A repository for analysis on Expected Goals using StatsBomb and Wyscout data.
This repository assumes that the StatsBomb open-data has already been cloned to a local directory.
All of the notebooks can be run from an Anaconda environment.
To install the environment yourself use the Anaconda Prompt. Run the following command from the expected-goals directory:
conda env create -f environment.yml
Activate the new environment from the prompt:
conda activate expected-goals
Load Jupyter Notebook from the prompt:
jupyter notebook
The data are from StatsBomb open-data and Wyscout.

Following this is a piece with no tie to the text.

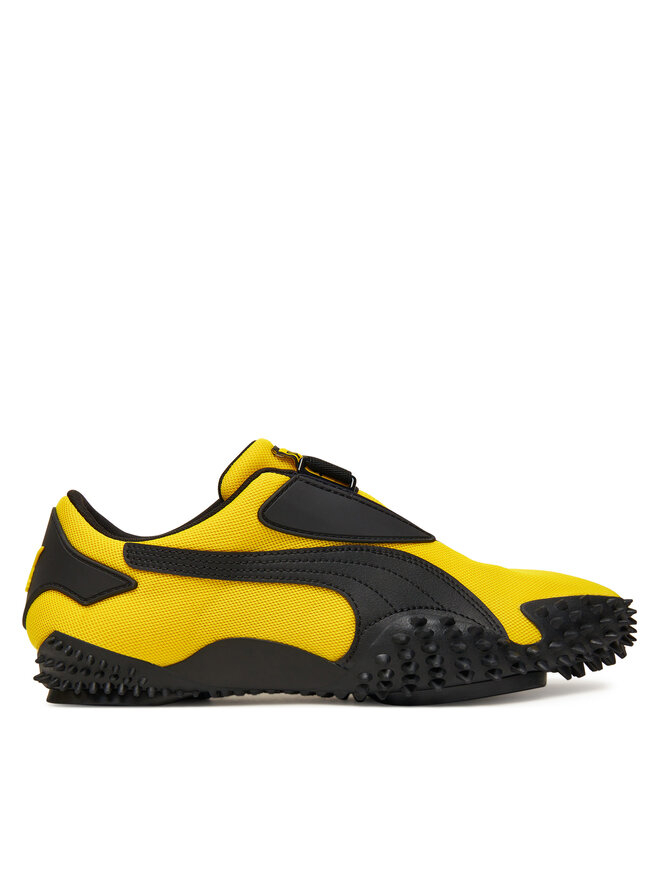 Puma Сникърси Puma Mostro Og Prime 403206 15 M Жълт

To run the analysis you need to first create the datasets. By running the notebooks in the notebooks/create-data directory (in numerical order):
- 00_statsbomb_data_to_parquet.ipynb: creates the StatsBomb data in the data/statsbomb folder
- 01_wyscout_data_to_parquet.ipynb: creates the Wyscout data in the data/wyscout folder
- 02_remove_overlap_wyscout_statsbomb.ipynb: removes 100 overlapping games from the Wyscout data
- 03_wyscout_shot_dataset.ipynb: creates a Wyscout shot dataset: data/wyscout/shots.parquet
- 04_statsbomb_freeze_frame_features.ipynb: creates some features from the StatsBomb freeze-frame data: data/statsbomb/freeze_features.parquet
- 05_statsbomb_shot_dataset.ipynb: creates a StatsBomb shot dataset: data/statsbomb/shots.parquet
- 06_combine_shots_dataset.ipynb: creates an overall shot dataset: data/shots.parquet
- 07_add_synthetic_shots_remove_outliers.ipynb: removes 227 outliers from the data/shots.parquet generates 1000 fake shots (data/fake_shots.parquet)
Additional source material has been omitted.